#### Data section
════════════════

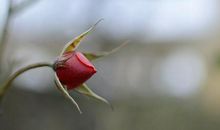 十二生肖5月25日今日运势排名，十二生肖今日旺财方位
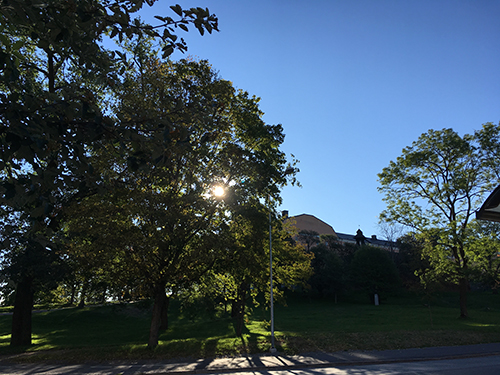 Morgonsol vid Slottet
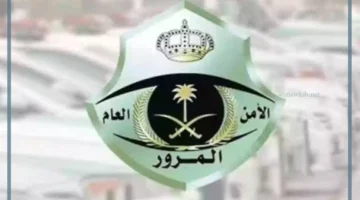 رسوم رخصة السير الجديدة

════════════════

#### How to complete this task
Leaving out the pictures, output each line above exactly as it is.

#### Response below
 十二生肖5月25日今日运势排名，十二生肖今日旺财方位
 Morgonsol vid Slottet
 رسوم رخصة السير الجديدة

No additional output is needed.